Sad; appalling; tragic. It’s hard to find the right words to describe the story of Jade Goody, a British reality TV celebrity who’s dying of cervical cancer at age 27 after ignoring test results because, as she confessed publicly, she was scared.
Most people on this side of the Atlantic have probably never heard of Jade Goody. In Britain, however, she has been tabloid and headline fodder ever since making her debut in 2002 in the reality show "Big Brother." Over the past seven years she has appeared in TV shows, released several exercise DVDs, written her autobiography and even launched a perfume. She’s gained a reputation for being brash and outrageous.
But she’s now more likely to be remembered for how her life is ending: with an aggressive form of cervical cancer. The cancer has spread to her liver, bowel and brain.
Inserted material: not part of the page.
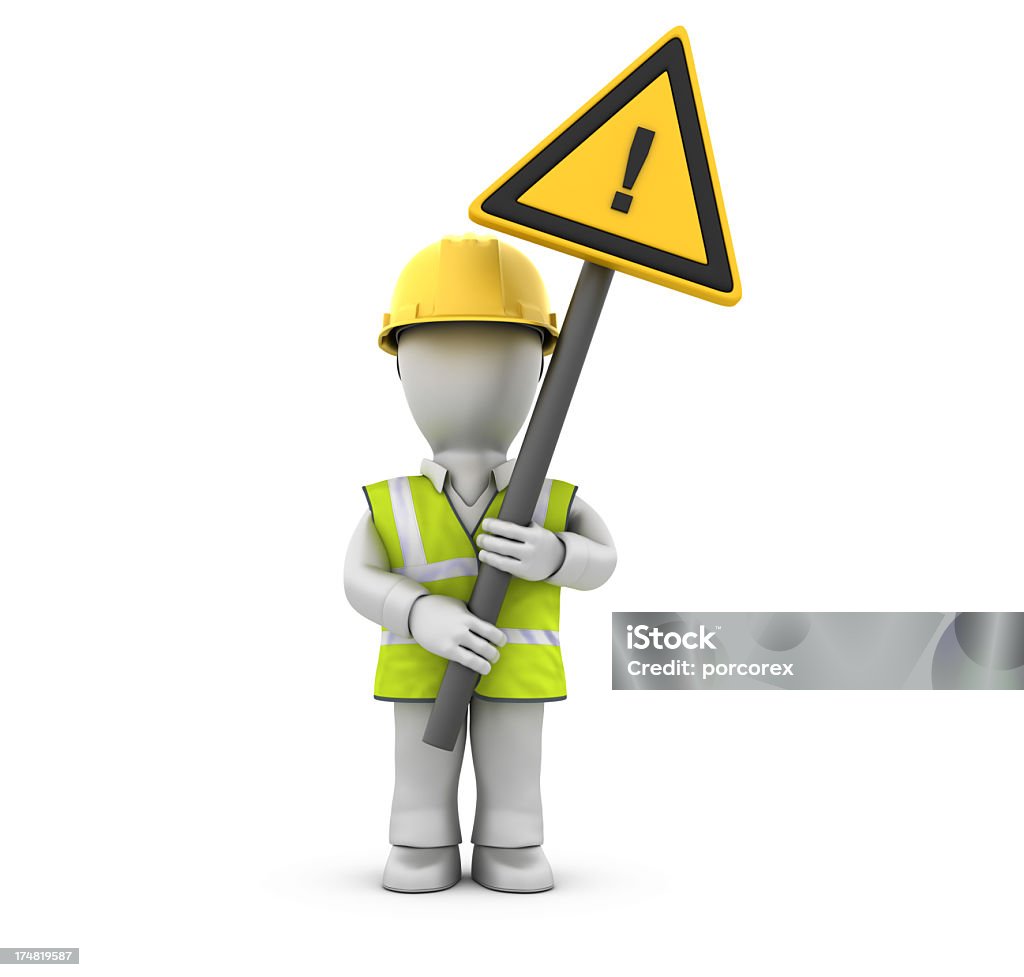 Worker with Exclamation Point Sign A Helping Hand Stock Photo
Worldwide, cancer of the cervix is one of the leading causes of cancer deaths among women. Most of these fatalities occur in developing nations, where screening is less common. Survival rates are relatively high, however, in the United States and in other industrialized nations such as the United Kingdom. About 11,000 new cases occur in the U.S. each year, and about 3,800 women die from it. By comparison, more than 180,000 women in the U.S. are diagnosed with breast cancer each year and nearly 40,500 will die.
The Papanicolaou test, or the Pap smear, has been widely credited with reducing the cervical cancer death rate by detecting abnormal cells early, before they’ve had a chance to progress into full-blown cancer. Between the mid-1950s and the early 1990s, the death rate from cervical cancer fell by 74 percent in the U.S., largely as a result of the introduction of screening.
It would be easy to spin Jade Goody’s sad story as an example of what can happen when a woman doesn’t get screened – except this isn’t the whole story.
For one thing, it appears that Jade did undergo screening. Three times, in fact, during which abnormal cells were found and removed. After the fourth positive Pap screening, apparently, she was simply too frightened to go back for the procedure.
She said as much in an interview last August with Heat magazine: "They had sent a letter to me ages ago, telling that I needed to go in for an operation, but I had been too scared to do anything about it."
Did she have her head in the sand? Maybe not. After all, she’d already had pre-cancerous cells removed from her cervix three previous times, starting at age 16. In the same interview with Heat, she says that the first time "nearly traumatised me for life, it was so painful."
It begs the question: Could the outcome have been different if the cancer had been found sooner, before it had spread?
We’ll never know. But it does raise a lot of questions. Was there adequate followup when she didn’t return for care after her fourth suspicious Pap test? You’d think that after even two abnormal test results, let alone four, her case would have been flagged as high risk and received more intensive monitoring. By some accounts, she had been hospitalized more than once in the past four years for blood loss; were doctors aware of her previous history – and if not, did she think to tell them?
Did it even occur to anyone that she might have been scared?
Possibly Jade herself didn’t understand the importance of following through. One of her statements in the Heat interview – that she thought once the abnormal cells were removed, "they should not come back" – suggests she might not have known or understood she was still at risk.
It’s worth noting that not all cancers are created equal. Cervical cancer can be divided into at least four subtypes – squamous cell and adenocarcinoma, which are the most common, and small cell and neuroendocrine, which are more rare. Furthermore, although the majority of cervical cancers grow slowly, some do not. The relatively high survival rate for this cancer (and some other cancers as well) tends to obscure the fact that for a smaller number of people, it’s still fatal.
Jade Goody’s specific type of cancer hasn’t been publicly disclosed, but given the extent to which it has spread, some observers are speculating that it is more aggressive than most. Although much is still unknown about why cancer cells behave the way they do, a growing body of research suggests that this is often influenced at the molecular level; in other words, it’s coded into the cancer itself. This doesn’t mean that screening and early detection are useless, because for millions of people, they clearly have a benefit. But there are limits to what screening and early detection can accomplish, and increasing the cervical cancer screening rate in Britain, as many advocates have urged, may not be the solution that some think it is.
In the end, we are left with the story of one young woman whose life is ending far too soon. Perhaps saddest of all, the thing that should haunt us the most, is that she may be going to her death believing it’s her fault. To be sure, she made a bad decision not to seek followup care – but there are plenty of other contributing factors to go around, some of which were simply out of her control. And to put the blame on her shoulders alone is a burden no one should have to bear.